Earlier this month, and apparently out of the blue, British Columbia's government decided to remove most of the vehicles from its list of those eligible for a rebate of up to $4,000 under its zero emissions program.

“Not only was this change decided in great haste and without any consultation with the industry, but it contradicts the province's own ZEV ambitions,” the Canadian Automobile Dealers Association, Canadian Vehicle Manufacturers’ Association and the Global Automakers of Canada said a joint statement.

The provincial government defended the decision by citing the program’s unexpected success, which it said is driving up costs more than projected.

No predictability, no consistency.

At the federal level, we’ve seen multiple recent examples of policies that create uncertainty. Much has been written about Prime Minister Justin Trudeau’s decision to raise capital gains taxes, but perhaps the most damning of all the criticisms is that the legislation lacks fairness.

The levy is retroactive — it taxes past gains, potentially going back decades — and doesn’t just apply to future gains. It’s left investors feeling the government is simply making a play for their money at the expense of investment certainty.

The investment-undermining cash grab motif has been a recurring one for the federal government. Even in cases where policies have long been flagged, the lack of transparency around motives is creating uncertainty.

Take the implementation of a global minimum tax, which also came into effect this month as part of Finance Minister Chrystia Freeland’s budget implementation bill. 

The new cross-border global tax regime — with almost 140 signatories — aims ostensibly to remove loopholes that allow multinationals to shift profits to low-tax jurisdictions. Governments are essentially giving themselves the right to tax the income their homegrown businesses earn in foreign jurisdictions.

This may sound good in theory, but in practice it means governments could undermine their own global champions by imposing on them a higher tax profile than the one faced by their competitors abroad.

Which is why many of the signatories — like the U.S. — haven’t outlined any roadmap yet, while others — like Switzerland — are moving ahead more gradually to better align their rollout with other countries.

Canada has decided to move ahead with full implementation this year. That means our multinationals will bear a much bigger tax burden than global companies headquartered in, for example, the U.S.. The lack of nuance in Canada’s rollout suggests the government is more interested in raising revenue than ensuring our largest companies are globally competitive.

Perhaps the most blatant recent example of unpredictability is the last minute ‘greenwashing’ measures adopted this month by lawmakers late in the legislative process of a government budget bill.

Lawmakers amended the Competition Act to prohibit companies from making deceptive claims about the environment. But companies say the provisions are unclear and require them to substantiate claims with an “internationally recognized methodology” that hasn’t yet been defined in the law.

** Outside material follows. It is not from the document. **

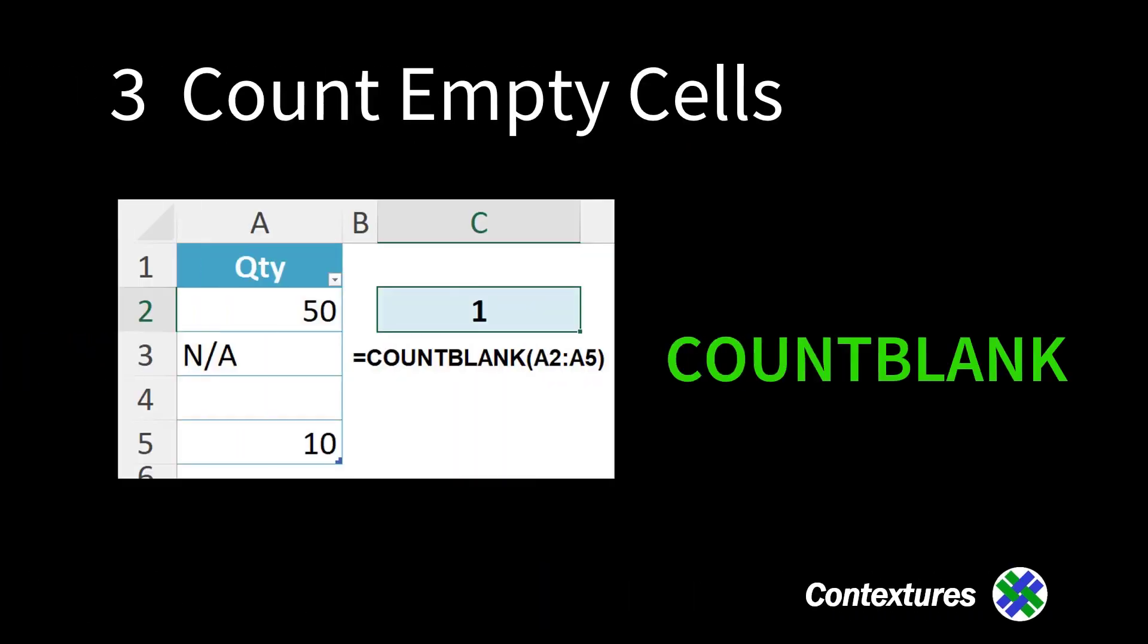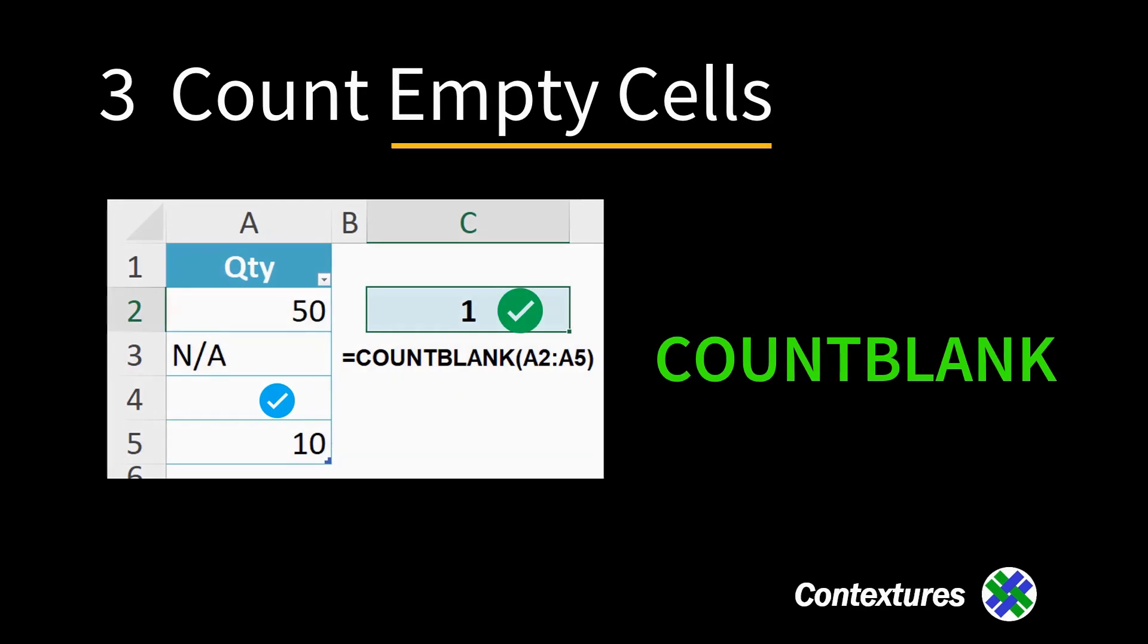To count the empty cells, use count blank function. There's just one empty cell here.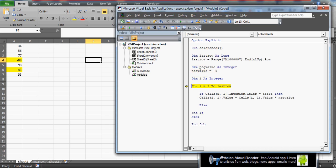The loop variable i can be named anything as long as it is not a VBA keyword. The loop runs from one to last_row, which is seven. When i equals one, Cells(1,1) refers to the first row and first column, so it checks that cell — which holds -34 in this example.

The change — with almost zero consultation — now threatens to muzzle how Canadian businesses can talk about climate change. That seems like a recipe for undermining progress in Canada’s climate transition, which is in desperate need of hundreds of billions in private investment.

Consistency, predictability and transparency aren’t the only important principles for good economic policy making. Fiscal sustainability and low inflation are also critical. So is efficiency — for example, taxing Canadians in the least costly manner. And of course, we want a fair society. Sometimes trade-offs need to be made. 

What is less justifiable is when governments switch from principle to principle in order to achieve political objectives.  

Canada has a business investment problem that is complex and deeply rooted. No one has any easy answers. But ensuring policies are clear, reliable, and stable could go a long way.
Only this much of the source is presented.